Search

Sunday, June 19, 2016

Resolve DBA_2PC_PENDING Entries : Distibuted Transactions

Resolve DBA_2PC_PENDING Entries issues in case of distributed transactions in Oracle Database


Disscusion points:

1. Problem Description

2. Solutions

   2.1 Dba_2pc entries without a corresponding transaction

   2.2 Distributed transaction without corresponding dba_2pc entries

   2.3 How to PURGE the DISTRIBUTED transaction in PREPARED state, when COMMIT
       or ROLLBACK FORCE hangs ?, where we have entries for both Distributed transaction and dba_2pc entries.

1. Problem Description:

As a result of a failed commit of a distributed transaction, some entries can be left in dba_2pc views, i.e.
dba_2pc_pending and dba_2pc_neighbors. The RECO process checks these views to recover the failed txn. However, in some cases RECO cannot perform the recovery. One cause is that all sites involved in the
 transaction not being  accessible at the same  time. Another cause is dba_2pc views being  inconsistent with the  transaction table, which  is the topic of this article. This cause can further be classified as follows:


   1. dba_2pc views have entries for a non-existent distributed transaction
   2. There is a distributed transaction for which there are no entries in dba_2pc views
   3. How to PURGE the DISTRIBUTED transaction in PREPARED state, when COMMIT
       or ROLLBACK FORCE hangs ?, where we have entries for both Distributed transaction and dba_2pc entries.
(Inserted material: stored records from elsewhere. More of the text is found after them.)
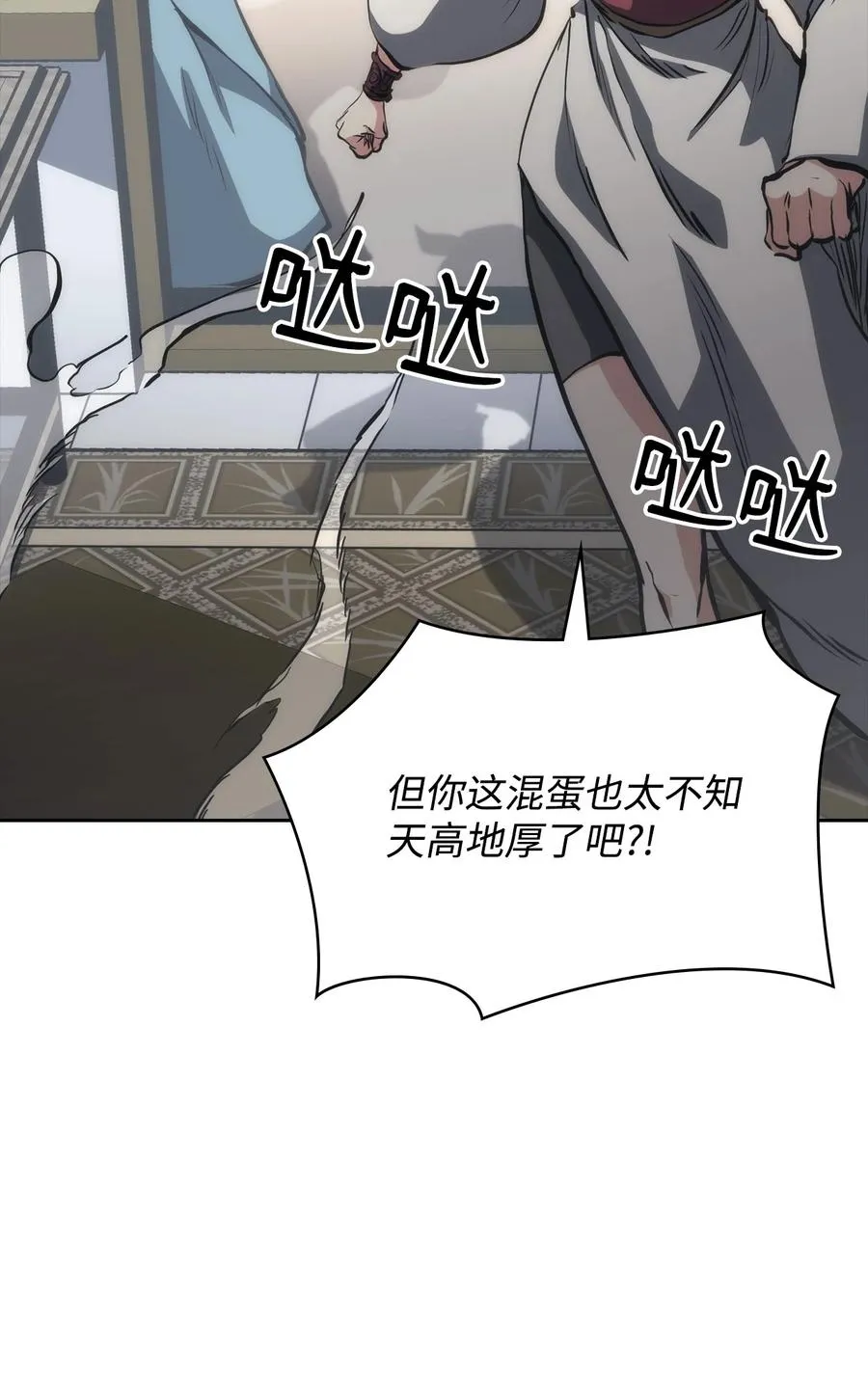 25 比武 第68页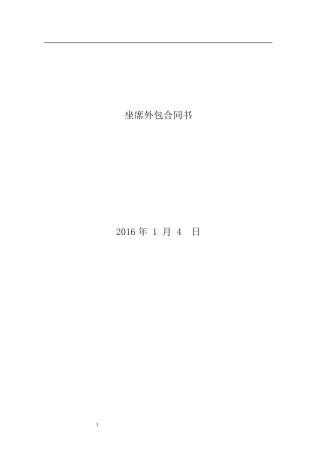 电话营销服务外包项目合同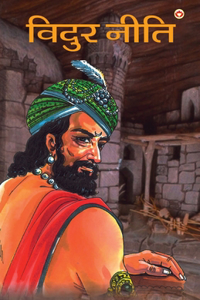 Vidur Niti (विदुर नीति)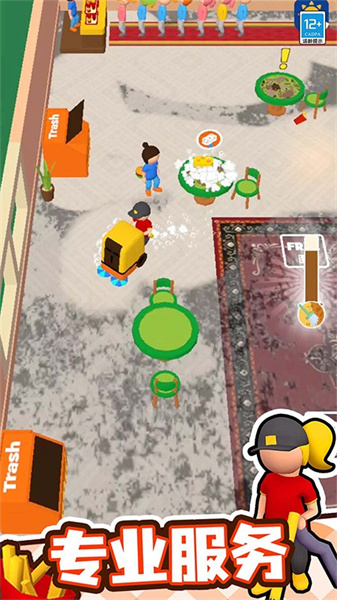 童话小镇最新版本3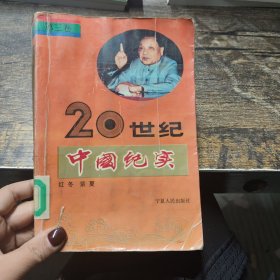 二十世纪中国纪实 第三卷 红冬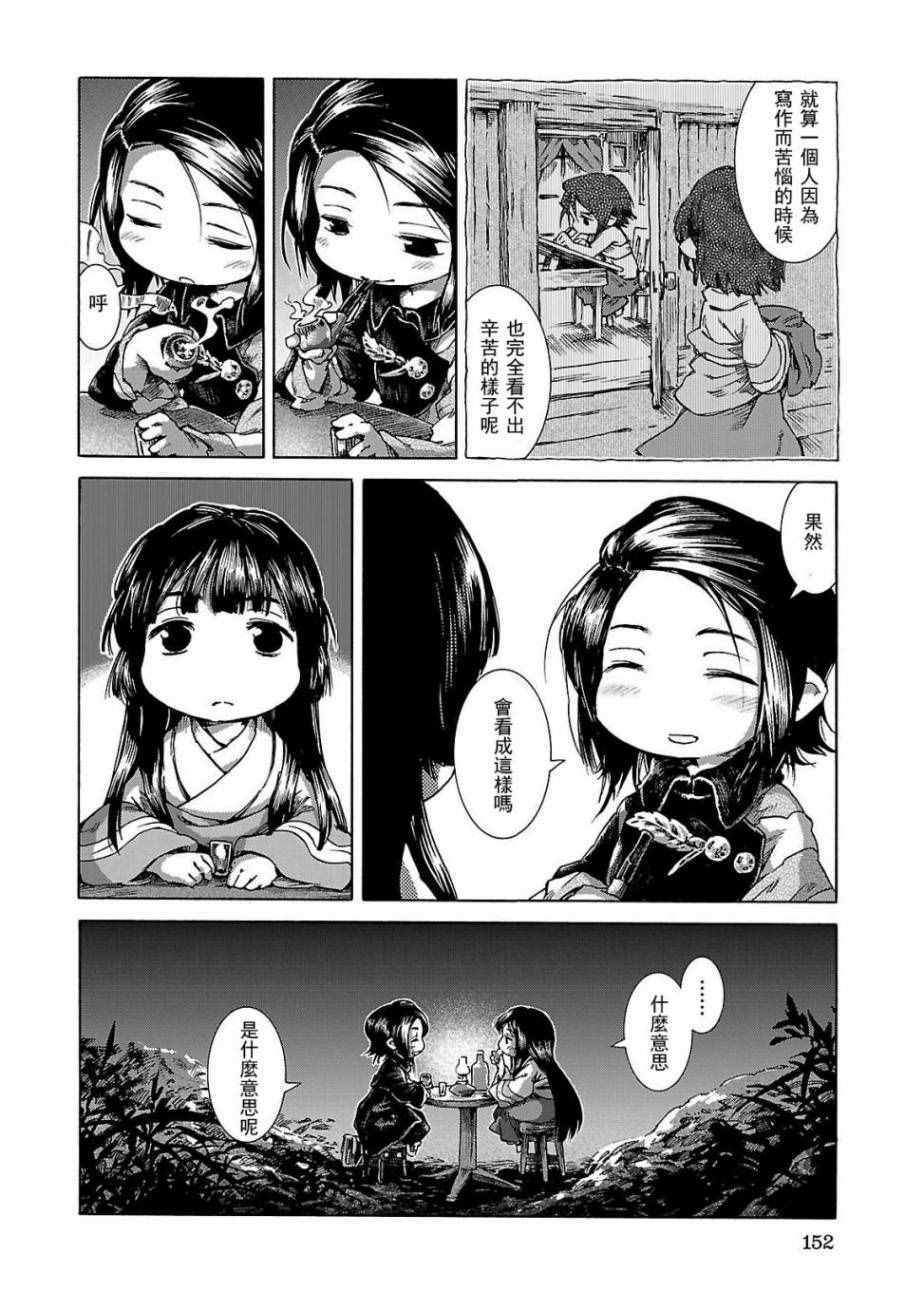 《哈库梅伊与蜜珂析》漫画 025话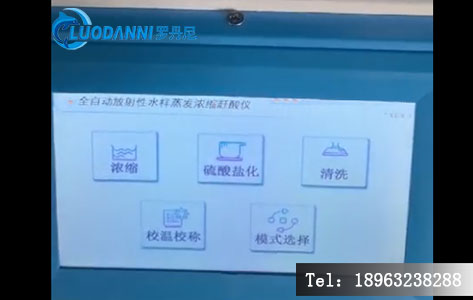 设备操作界面特写图，展示参数设置、运行状态监控界面，体现智能化操作体验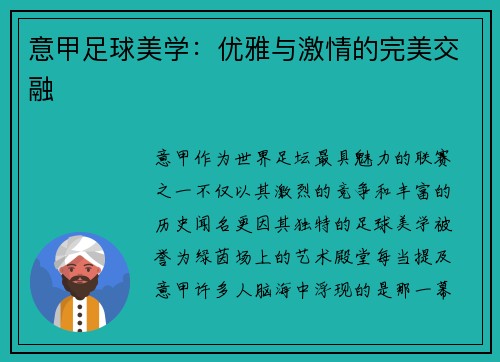 意甲足球美学：优雅与激情的完美交融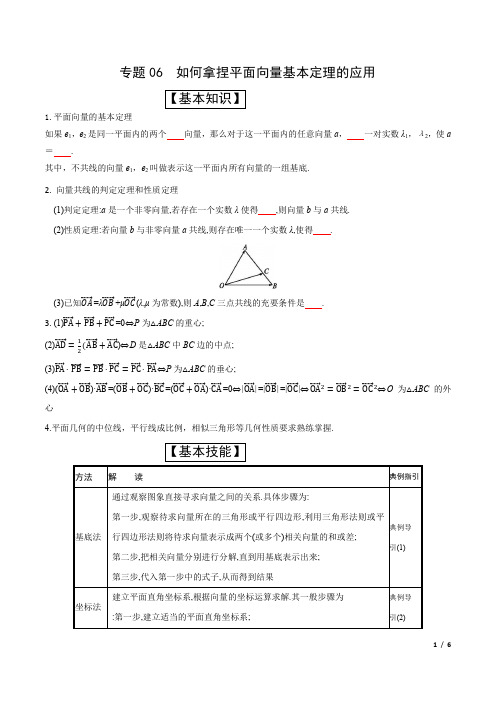 2022年高考数学痛点问题训练《专题06  如何拿捏平面向量基本定理的应用》(原卷版)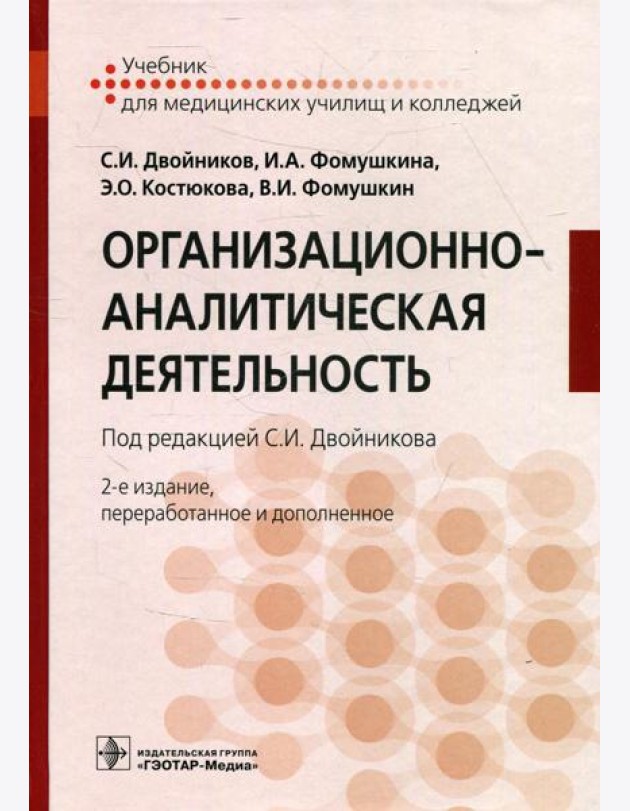 Организационно-аналитическая деятельность: Учебник. 2-е изд., перераб. и доп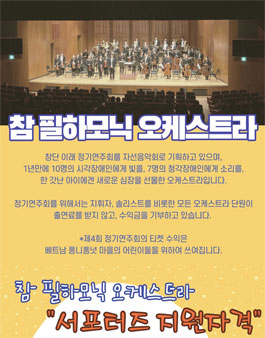 21 참 필하모닉 오케스트라 서포터즈 모집.
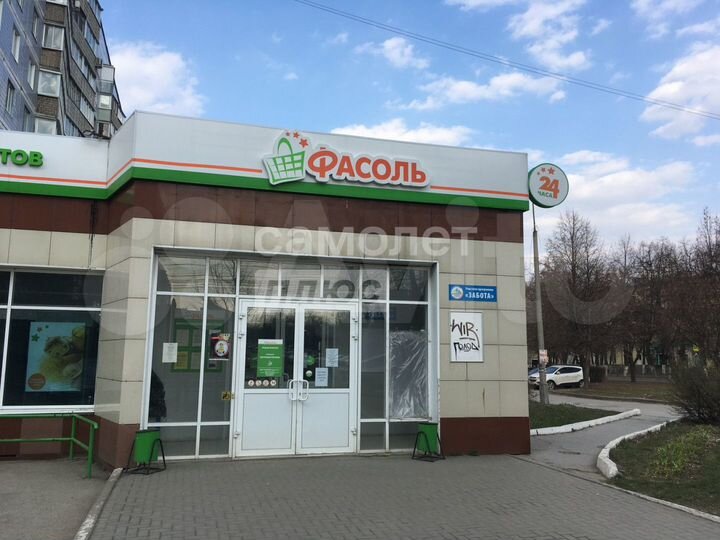 Сдается помещение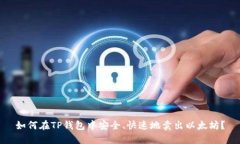 如何在TP钱包中安全、快速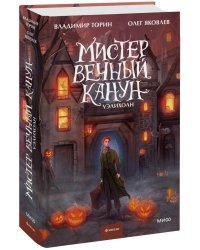 Мистер Вечный Канун. Уэлихолн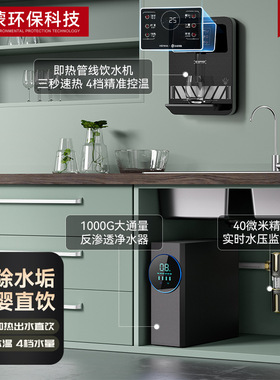 净水器直饮RO反渗透即热管线机前置新款三件套全屋净水系统双出水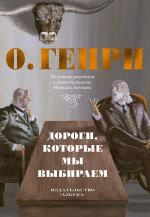 Азб.БЧК.Дороги,которые мы выбираем.50 луч.рассказ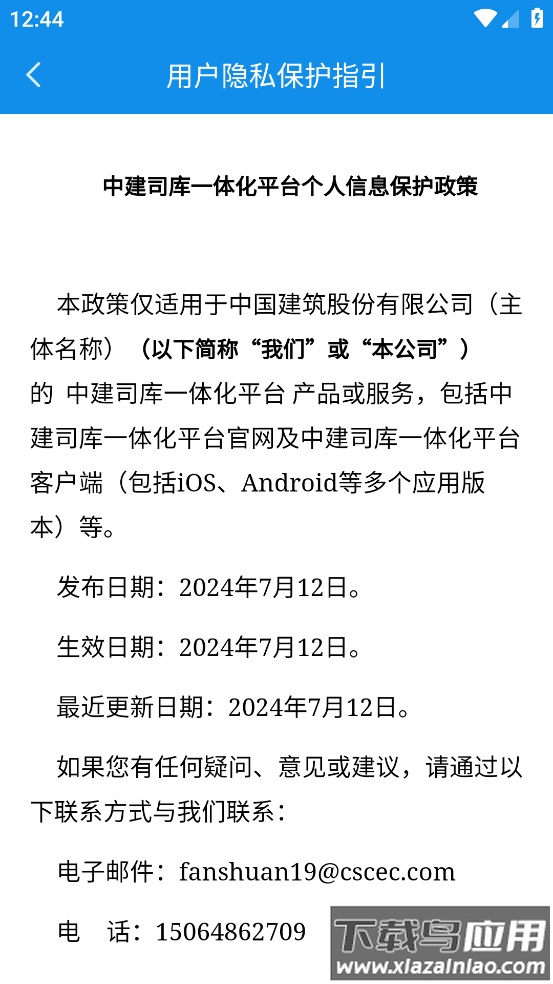 司库一体化平台app最新版截图3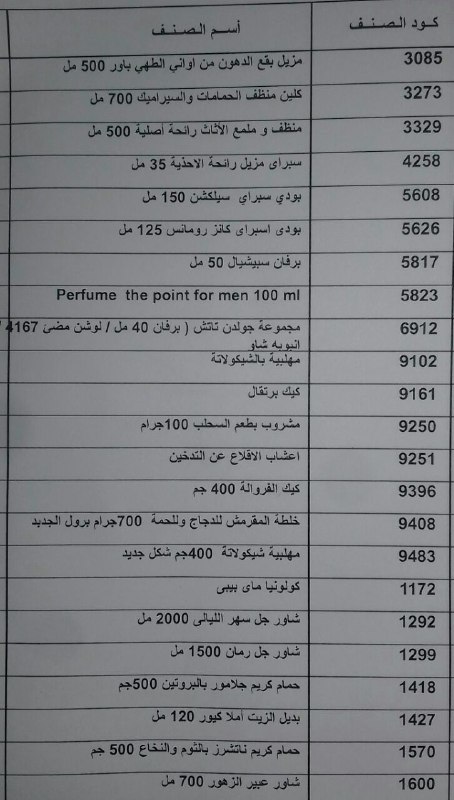 عربية منتجات فرع العجمي اليوم الاثنين 26-3-2018 00000069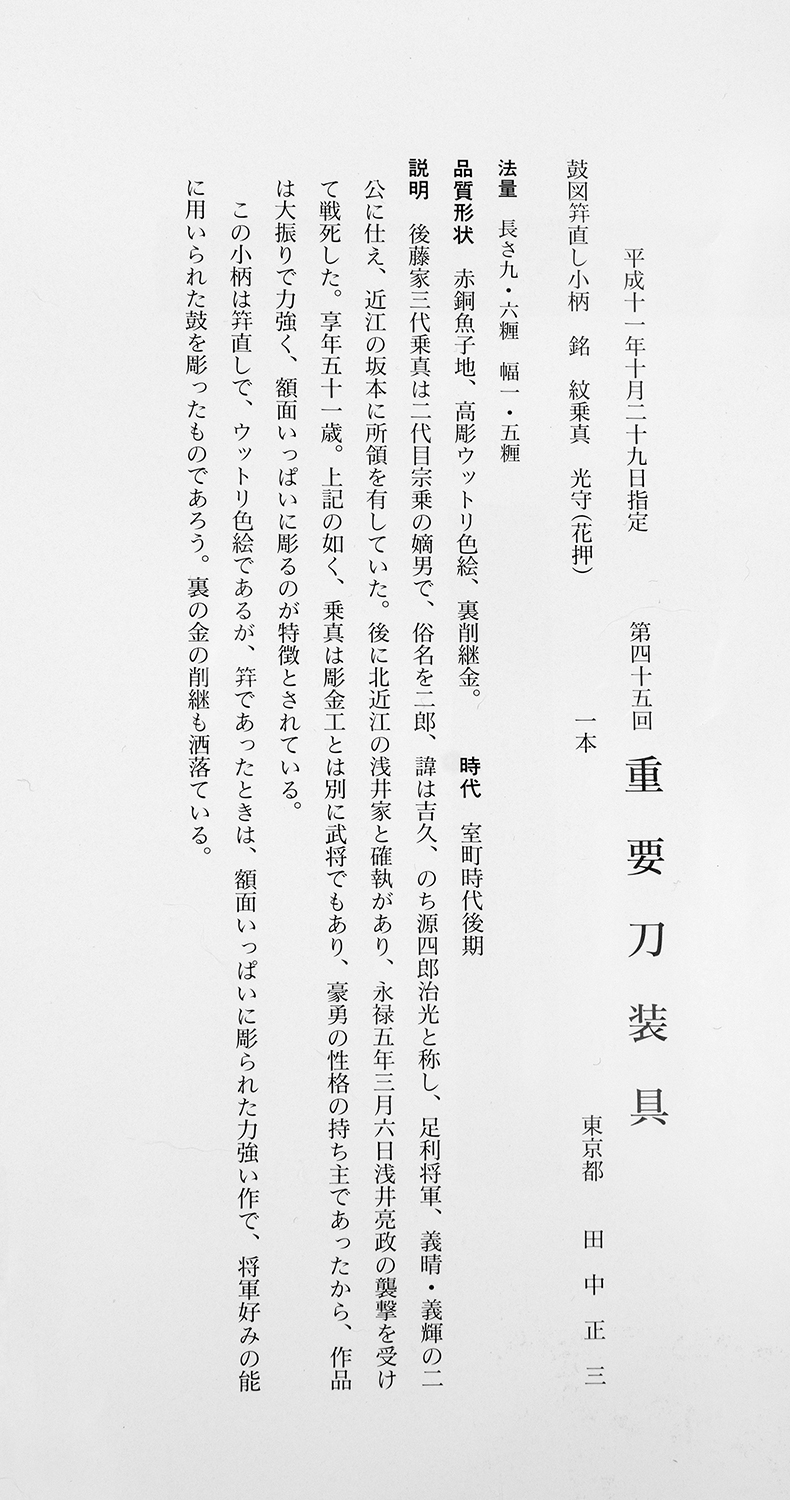 Goto Joshin — 7 of 9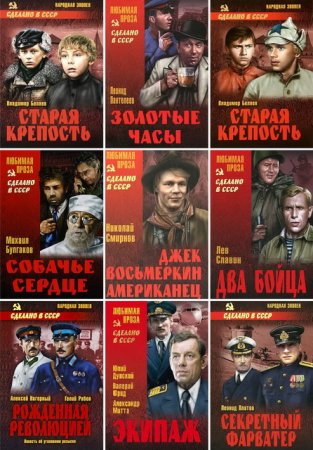 Обложка Книжная серия - Сделано в СССР (62 книги / 2005-2014) FB2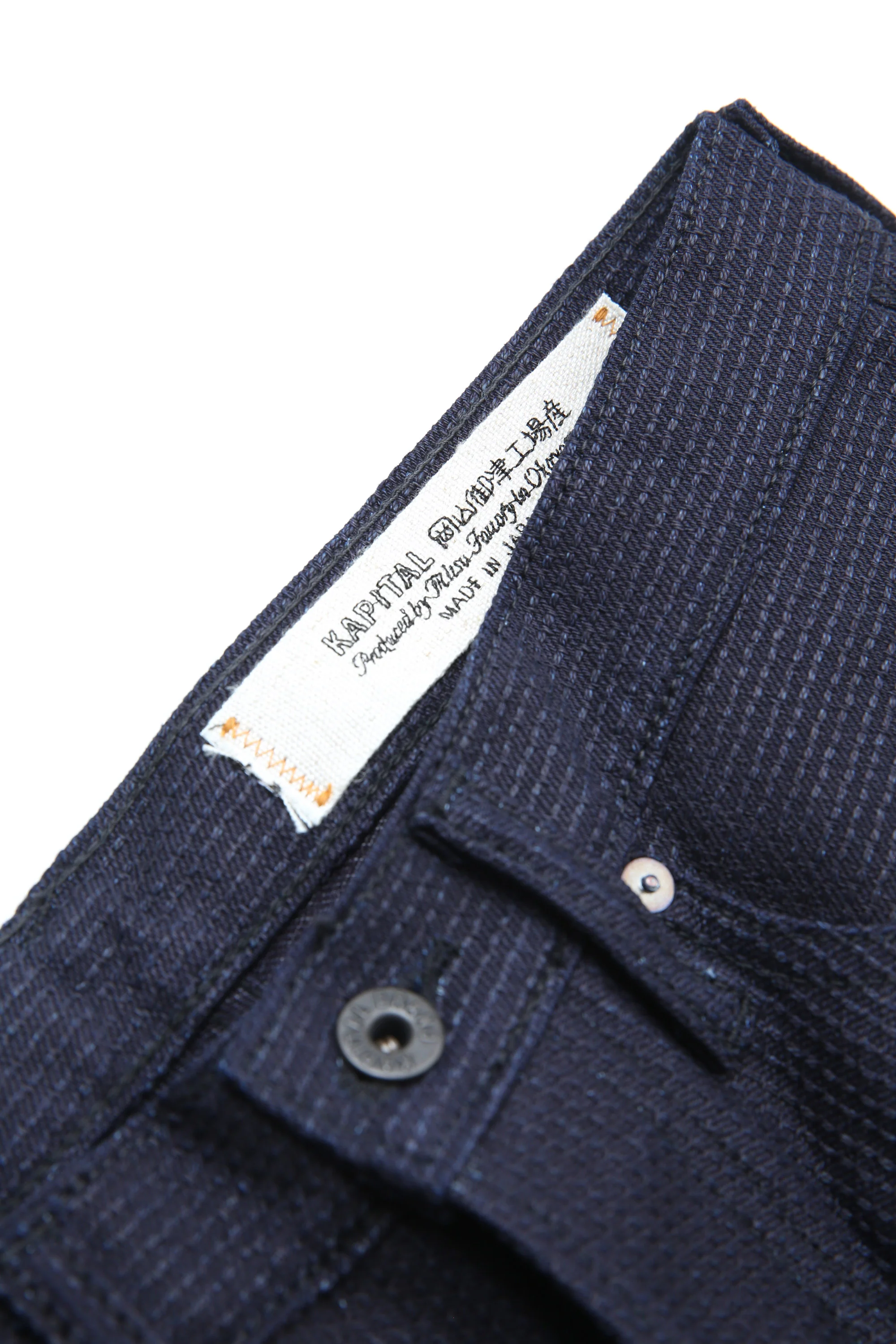 Kapital Century Denim No.1.2.3 MONKEY CISCO - No.1.2.3 (KAP-104) - Image 8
Solutions to each subclass is provided in the rest of the article.

2. Solutions:
2.1 Dba_2pc entries without a corresponding transaction. In this case dba_2pc views show distributed transactions but there are no txns in reality. If the state of the transaction is committed,  rollback forced or
commit forced then this is normal and it can be cleaned up using dbms_transaction.purge_lost_db_entry

However, if the state of the transaction is PREPARED and there is no entry in the transaction table for it then this entry can be cleaned up manually as follows:

SQL> set transaction use rollback segment SYSTEM;
SQL> delete from sys.pending_trans$ where local_tran_id = ;
SQL> delete from sys.pending_sessions$ where local_tran_id = ;
SQL> delete from sys.pending_sub_sessions$ where local_tran_id = ;

SQL> commit;

Example: The following query reports a dist. txn. in prepared state

SQL> select local_tran_id, state from dba_2pc_pending;

           LOCAL_TRAN_ID          STATE
           ---------------------- ----------------
           29.32.93725             prepared

Given that a transaction id is composed of  triple, '29.32.93725' is located in rollback segment# 1. To find out the list of  active transactions in that rollback segment, use:

SQL>  SELECT KTUXEUSN, KTUXESLT, KTUXESQN, /* Transaction ID */
             KTUXESTA Status, KTUXECFL Flags
      FROM x$ktuxe
      WHERE ktuxesta!='INACTIVE'
      AND ktuxeusn= 1; <== this is the rollback segment#

     no rows selected

It is not possible to rollback force or commit force this transaction.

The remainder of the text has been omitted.